On Sun, 6 Jun 2021 07:26:09 -0700 (PDT),
"schle...@gmail.com"
<schleesi...@gmail.com> wrote:

>I think in such an environment I would like to control memory usage myself, 
>or maybe have a #lang that allows very fine grained and low level control 
>over resources. (outputting lowerlevel code than racket/base). 
>If you need persistent data-structures they are nice, but often times you 
>don't need them. 
>Basically I would use a smaller language and build only the things I really 
>need, instead of starting with racket and stripping away everything I don't 
>need. 
>(although if you manage to create a tool that accomplishes this in a very 
>radical manner that could be cool as well, I just don't think that is easy)

I doubt Racket can be used directly as it was not designed to work
with programmer managed memory, but it could be used as a cross
development environment.  For reference there is Scheme48 which was
designed for embedded use.  Scheme48 compiles to C and does /not/ use
GC but rather forces the programmer to manage memory explicitly.
However, there's no particular need to go through C if you're willing
to write your own compiler and runtime.

>That would boil down to partially evaluating racket specializing it to the 
>target program, I don't think tools like `raco exe`, `raco distribute` etc. 
>go so far that they would try to eliminate
>base language features, which probably aren't "unused" anyway in any 
>reasonably complex program.

Yeah, I think some significant work would have to be done to separate
'base' into smaller libraries ... if that even can be done at all.

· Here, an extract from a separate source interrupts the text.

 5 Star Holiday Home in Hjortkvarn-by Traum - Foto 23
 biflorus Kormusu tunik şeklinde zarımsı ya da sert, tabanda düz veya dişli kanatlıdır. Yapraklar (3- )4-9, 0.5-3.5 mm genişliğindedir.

>Said another way: I think in a lot of cases it is easier to start creating 
>a program with a language with less features, than trying to get rid of 
>certain features after the program was already written using these 
>features. If you start out without the features it is easier to reason 
>about what features are worth implementing, for the particular program and 
>what is over-engineered for the use-case.
>That is just my perspective, I think there are many approaches to this, 
>depending on the circumstances and concrete goals.
>
>Simon

As a technical matter, GC works fine in small memory as long as it is
designed for that purpose.  The problem is that the GCs employed by
(BC and CS versions of) Racket were /not/ designed for particularly
small systems.

But the design space of GC is large, and collectors have been designed
to work in almost every environment except HRT with sub-millisecond
deadlines.  There are systems that are completely deterministic and
which can be used for HRT as long as the periods when the mutator must
be stopped are short enough for the purpose.